Así descubrió Torres que solamente eran dos monstruos. Por la oscuridad no sabía distinguir su forma exacta, pero presintió que sus extremidades se unían como varas a otras extremidades que eran como esferas. Eso los hacía más grandes y con la capacidad de moverse alrededor como lo hacían. Debían de tener alas, el aire que sentía contra su espalda era lo que obligaba a sentir esos golpes de brisa. Se le ocurrió a Torres pensar que imaginaba demasiado y que probablemente, el haber bajado a la oscuridad le obligaba a imaginar escenario, monstruos y hechos que no sucedían.
-Esta bajando para salvar a su amigo, Grup.
-Probablemente llegue demasiado tarde, Grap.
-No sabe que el cienpiés nocturno ya se lo habrá comido, Grup.
-El cienpiés que se traga la luz e inventa la oscuridad, Grap.
-El que nace del centro de cada fuego, Grup.
-Ese mismo, Grap.
-¿Y ustedes quienes son? -preguntó Torres, volteando sobre su hombro.
-Grup.
-Grap.
-Te debió haber quedado claro desde que hablamos contigo, ¿o no Grup?
-Creo que el muchacho tiene un déficit de atención, Grap.
-No ha escuchado nuestros nombres, Grup.
-Nuestra conversación no le interesa, Grap.
-Deberíamos matarlo. Sólo es jalarlo tantito, Grup.
-Se lo merece todo aquel que no tiene miedo a la oscuridad, Grap.
-No es que tenga miedo -dijo Torres-. Le tengo mucho miedo, a la oscuridad y a resbalarme de las escaleras. También tengo miedo de que mi amigo esté lastimado y si hay un cienpiés como el que dicen, tengo miedo a que se lo haya comido o lo haya aplastado con sus cien patas. Soy el primero en admitir que tengo miedo. Estoy seguro que pueden olerlo. Tengo miedo de que ustedes me maten, me jalen, o me coman. No tengo miedo a la oscuridad, pero tengo miedo a lo que puede haber detrás de ella, monstruos que no conozco o que sean tan horribles, que me despojen de toda consciencia humana. Ni el flujo natural, ni mi inteligencia, podrían salvarme contra ello. Pero no puedo hacer nada contra ello, más que seguir bajando estas escaleras.
-¿Oiste, Grup?
-Si tanto miedo tienes, niño, sube esas escaleras de regreso. ¿Verdad, Grap?
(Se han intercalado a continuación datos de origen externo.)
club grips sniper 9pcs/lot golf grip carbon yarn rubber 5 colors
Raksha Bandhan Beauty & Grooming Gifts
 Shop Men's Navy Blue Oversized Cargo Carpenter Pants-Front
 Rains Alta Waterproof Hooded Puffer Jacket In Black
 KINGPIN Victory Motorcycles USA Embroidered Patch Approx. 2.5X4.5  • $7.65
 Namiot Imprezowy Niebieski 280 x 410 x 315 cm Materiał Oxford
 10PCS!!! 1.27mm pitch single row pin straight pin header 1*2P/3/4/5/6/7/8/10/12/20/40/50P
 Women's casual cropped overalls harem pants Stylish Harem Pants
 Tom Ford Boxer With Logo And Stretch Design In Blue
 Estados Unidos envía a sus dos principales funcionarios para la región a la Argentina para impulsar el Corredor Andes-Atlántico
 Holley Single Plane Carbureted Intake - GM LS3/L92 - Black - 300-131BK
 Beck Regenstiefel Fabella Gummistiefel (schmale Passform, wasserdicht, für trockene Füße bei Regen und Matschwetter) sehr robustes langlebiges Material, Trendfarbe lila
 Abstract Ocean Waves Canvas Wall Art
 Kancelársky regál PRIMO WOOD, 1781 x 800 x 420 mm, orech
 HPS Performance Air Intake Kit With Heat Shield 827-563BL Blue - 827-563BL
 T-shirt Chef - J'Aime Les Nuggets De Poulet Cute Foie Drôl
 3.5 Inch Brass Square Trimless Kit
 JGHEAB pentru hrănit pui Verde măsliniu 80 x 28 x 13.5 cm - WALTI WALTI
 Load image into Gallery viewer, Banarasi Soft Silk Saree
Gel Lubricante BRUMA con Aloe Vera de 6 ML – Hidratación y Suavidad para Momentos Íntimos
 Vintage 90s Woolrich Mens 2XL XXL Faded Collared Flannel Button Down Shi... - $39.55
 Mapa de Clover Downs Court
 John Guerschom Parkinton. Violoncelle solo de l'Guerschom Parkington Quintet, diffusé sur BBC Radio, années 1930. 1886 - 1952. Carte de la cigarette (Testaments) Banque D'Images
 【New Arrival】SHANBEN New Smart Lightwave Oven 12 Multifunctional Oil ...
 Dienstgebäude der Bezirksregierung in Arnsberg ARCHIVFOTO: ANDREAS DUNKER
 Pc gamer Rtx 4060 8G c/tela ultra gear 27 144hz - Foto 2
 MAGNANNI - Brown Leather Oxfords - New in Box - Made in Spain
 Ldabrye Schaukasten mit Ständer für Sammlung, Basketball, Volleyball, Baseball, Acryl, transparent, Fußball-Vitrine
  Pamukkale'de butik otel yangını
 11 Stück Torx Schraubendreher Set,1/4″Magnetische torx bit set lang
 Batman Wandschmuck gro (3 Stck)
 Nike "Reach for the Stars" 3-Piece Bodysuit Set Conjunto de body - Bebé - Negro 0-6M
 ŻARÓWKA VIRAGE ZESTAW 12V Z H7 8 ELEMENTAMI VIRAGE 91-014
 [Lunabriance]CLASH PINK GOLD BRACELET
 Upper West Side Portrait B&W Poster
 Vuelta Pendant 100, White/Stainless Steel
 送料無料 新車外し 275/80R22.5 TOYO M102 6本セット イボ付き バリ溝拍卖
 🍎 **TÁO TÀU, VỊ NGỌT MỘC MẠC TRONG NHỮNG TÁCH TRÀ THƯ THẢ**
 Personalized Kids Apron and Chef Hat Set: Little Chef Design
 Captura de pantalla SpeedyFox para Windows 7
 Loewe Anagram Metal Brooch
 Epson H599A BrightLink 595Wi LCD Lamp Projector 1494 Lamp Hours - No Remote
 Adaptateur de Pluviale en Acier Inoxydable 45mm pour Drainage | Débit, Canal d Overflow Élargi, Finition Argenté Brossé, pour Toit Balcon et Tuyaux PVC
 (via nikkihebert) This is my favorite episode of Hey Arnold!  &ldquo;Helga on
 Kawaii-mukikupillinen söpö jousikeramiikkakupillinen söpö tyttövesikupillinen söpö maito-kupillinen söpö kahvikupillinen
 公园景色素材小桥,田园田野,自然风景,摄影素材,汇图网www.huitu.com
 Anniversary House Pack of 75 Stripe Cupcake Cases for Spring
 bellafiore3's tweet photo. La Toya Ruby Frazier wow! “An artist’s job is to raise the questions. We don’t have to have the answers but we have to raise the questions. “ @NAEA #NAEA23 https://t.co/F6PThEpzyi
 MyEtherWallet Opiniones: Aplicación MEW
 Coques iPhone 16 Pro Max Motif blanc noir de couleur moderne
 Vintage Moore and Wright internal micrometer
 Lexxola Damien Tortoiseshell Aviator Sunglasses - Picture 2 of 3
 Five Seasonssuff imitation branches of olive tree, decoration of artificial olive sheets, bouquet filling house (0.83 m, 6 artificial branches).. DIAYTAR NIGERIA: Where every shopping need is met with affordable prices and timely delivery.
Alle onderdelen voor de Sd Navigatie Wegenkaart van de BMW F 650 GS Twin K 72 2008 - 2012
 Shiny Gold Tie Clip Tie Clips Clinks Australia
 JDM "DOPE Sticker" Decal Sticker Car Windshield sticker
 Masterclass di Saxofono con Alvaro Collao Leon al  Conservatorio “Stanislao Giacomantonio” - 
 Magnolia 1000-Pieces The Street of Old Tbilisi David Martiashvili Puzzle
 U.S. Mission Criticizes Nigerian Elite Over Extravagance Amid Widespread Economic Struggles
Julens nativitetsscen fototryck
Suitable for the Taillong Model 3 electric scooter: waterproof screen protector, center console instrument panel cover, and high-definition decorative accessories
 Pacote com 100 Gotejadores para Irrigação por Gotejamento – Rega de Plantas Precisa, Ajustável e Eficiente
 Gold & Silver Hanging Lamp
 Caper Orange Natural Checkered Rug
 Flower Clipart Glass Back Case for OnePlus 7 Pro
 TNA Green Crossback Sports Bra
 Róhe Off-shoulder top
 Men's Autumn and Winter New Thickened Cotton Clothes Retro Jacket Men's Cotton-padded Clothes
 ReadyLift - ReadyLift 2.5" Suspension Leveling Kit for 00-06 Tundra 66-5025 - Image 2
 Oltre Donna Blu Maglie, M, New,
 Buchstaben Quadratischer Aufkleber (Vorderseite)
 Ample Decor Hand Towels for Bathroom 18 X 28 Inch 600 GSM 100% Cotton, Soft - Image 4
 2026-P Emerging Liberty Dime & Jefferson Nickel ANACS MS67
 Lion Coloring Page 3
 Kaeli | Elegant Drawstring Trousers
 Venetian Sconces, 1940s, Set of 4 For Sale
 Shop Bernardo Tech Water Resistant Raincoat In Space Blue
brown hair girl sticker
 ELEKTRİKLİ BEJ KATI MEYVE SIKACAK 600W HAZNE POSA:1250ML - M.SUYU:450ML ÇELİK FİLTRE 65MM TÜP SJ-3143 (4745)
-No puedo dejar de bajar estas escaleras, porque si lo hago, lo abandonaré y no quiero abandonarle. El Señor Fumador me necesita y si ya empecé este camino, debo seguirlo hasta el final. Tengo que ser fuerte, por él y debo serlo por mí. Si no puedo hacer algo tan sencillo como bajar las escaleras, no podré enfrentar mi destino que ya esta escrito desde que inicié la búsqueda de Bob, el cacto. Porque el flujo natural me ha hablado de mi destino, y por Dios que ya lo acepté. Si ya lo acepté, no puedo estar de ridículo y negarme a bajar las escaleras, a la oscuridad, a salvar a mi amigo, todo eso. No puedo, sencillamente no puedo.
-El niño sabe su destino, Grap.
-Si, si lo sabe, Grup.
-Esperaremos a que baje antes de matarlo, Grap.
-Al fin que ya lo sabe, Grup.
Torres estaba consciente que cada escalón que bajaba, se sentía como un día por el peso que cargaba sobre sus hombros: la confrontación a los monstruos y que había confesado su destino por primera vez. No había querido decírselo a sus amigos, el lobo rojo y al Señor Fumador, porque no quería que ellos también cargaran con ese peso. El niño, desde que tuvo consciencia del flujo natural, sabía que iba a morir y sabía que esa muerte estaba relacionada con la búsqueda de Bob, el cacto. No podía estar equivocado. Presentía que las escaleras no tardaban en terminar. Sus manos chiquitas las sentía llenas de humedad y sabía que si ponía mal un pie, resbalaría fácilmente. La diferencia entre un niño como él y otros niños, era la consciencia de su mortalidad. Eso lo hacía más inteligente, pero también, miserable. El flujo natural le había dicho que moriría pronto, pero no le había dicho exactamente cuándo. ¿Sería este el momento? Grup y Grap guardaban silencio y bajaban lentamente con cada escalón que bajaba el niño, como un presagio tortuoso. Si no le había alcanzado el futuro, pensó, se le parecía mucho… bajó tres escalones más y tocó piso. Los monstruos aterrizaron, los ojos de Torres todavía no se acostumbraban a la oscuridad y no podía verlos. Se limpió las manos en los pantalones, con unas rápidas palmadas, suspiró hondo y miró a dónde creyó podían estar.
-Dios nos bendiga -dijo Torres-. Bueno… pues… si esto es inevitable, vamos a pelear.